Friday 15 April 2016

When the Page Breaks: A Word 2000 Error

Attention, anyone using Word with automatic hyphenation enabled (and possibly even without it), at the very least in older versions of the program: here's an error that's not universally known which you'll want to look out for!

I had to deal with a rather strange issue with my German print edition of Gophirith of the Mountains not too long ago. I had made sure to proofread it to the best of my ability, so I was rather confused when I eventually noticed that the print edition contained a few instances - three to be exact - of utterly bizarre errors I had never noticed in the document. Part of a sentence had been eaten in one place, part of a word been doubled in another, an entire word had been cloned in yet another place! I checked my PDF, and sure enough, the problems were there. I then went on to check the Word document and they existed there as well... until I clicked the paragraph.

The errors were caused by Word 2000's automatic hyphenation freaking out in cases where a line at the end of a page was at just the wrong length. This evidently caused it to be unsure whether or not to insert a page break at a specific point, so it settled for trying to do both, rendering a part of the sentence on the next page even though it was still there on the previous one or removing the sentence part from the previous page without moving it to the next one (swallowing it up). What's worse was that the problems disappeared when the the text cursor was placed near the paragraph, or when the document was not given enough time to load before scrolling to the offending page. That's right, this is an error that looks like a mere display oddity in Word 2000 which only shows up under certain circumstances, but will be rendered in the PDF file and thus the finished book depending on the converter used (I used doPDF for this book).

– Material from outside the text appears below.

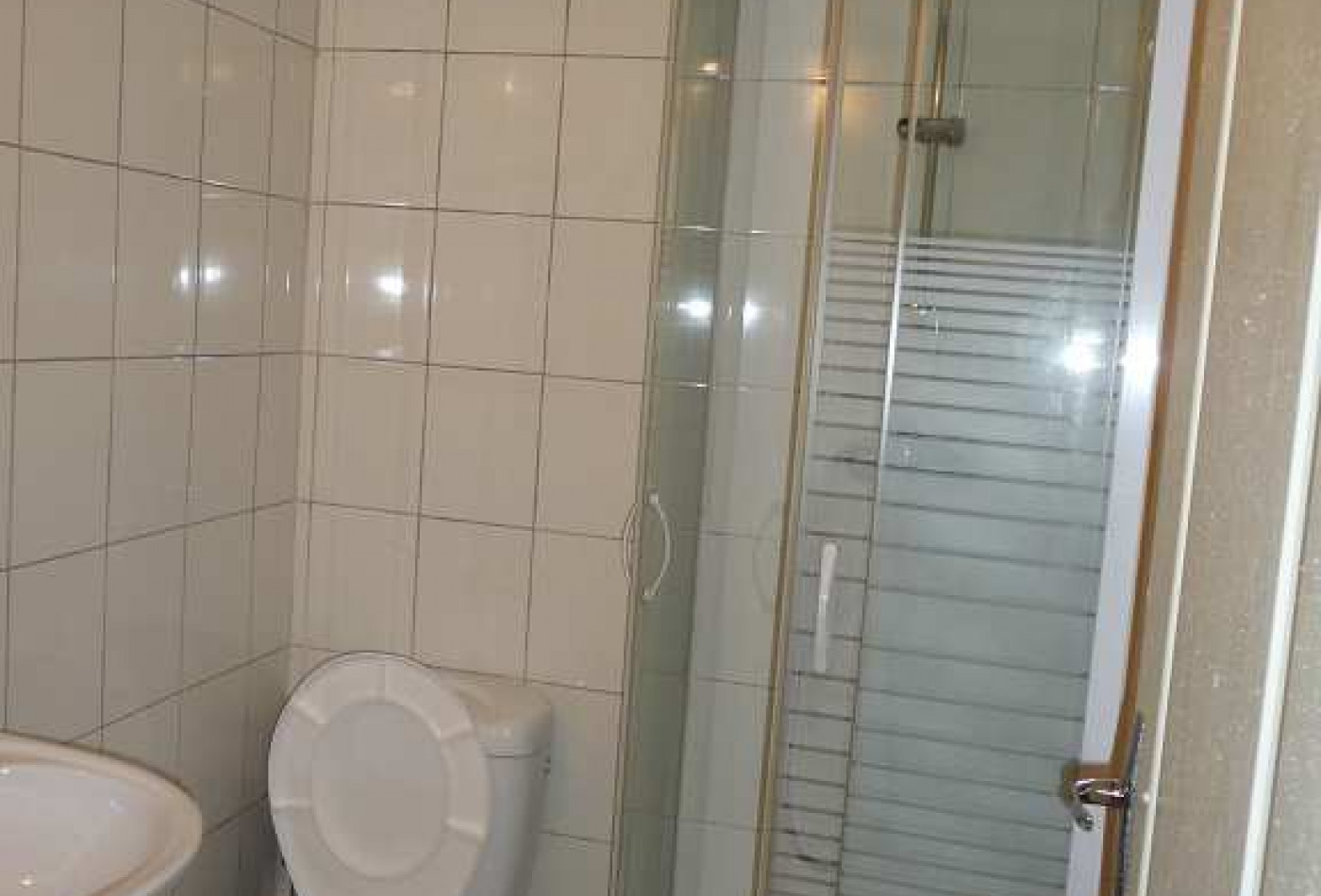 sale Immeuble de rapport Quillan - Photo 6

I'm pretty sure that this error is not exclusive to German-language text. I had noticed it before, but never thought much of it due to its tendency to go away after clicking, and it has not (to my knowledge) shown up in previous books either as I had those converted to PDF by someone with access to a later version of Word. It is showing up now, however, and it was impossible to find during proofreading as moving the cursor through the paragraphs (and occasionally starting to scroll before the document had fully loaded) meant that Word would hide the error from me until I reloaded the file and carefully scrolled down. So especially if you are using an old version of Word and using a converter like doPDF to create your PDF files, don't let this happen to your book and be sure to check the finished PDF again for such errors on page breaks. They can usually be fixed by slightly altering the character length of the line so Word does not get confused anymore or simply forcing a manual hyphen - the only problem is finding them.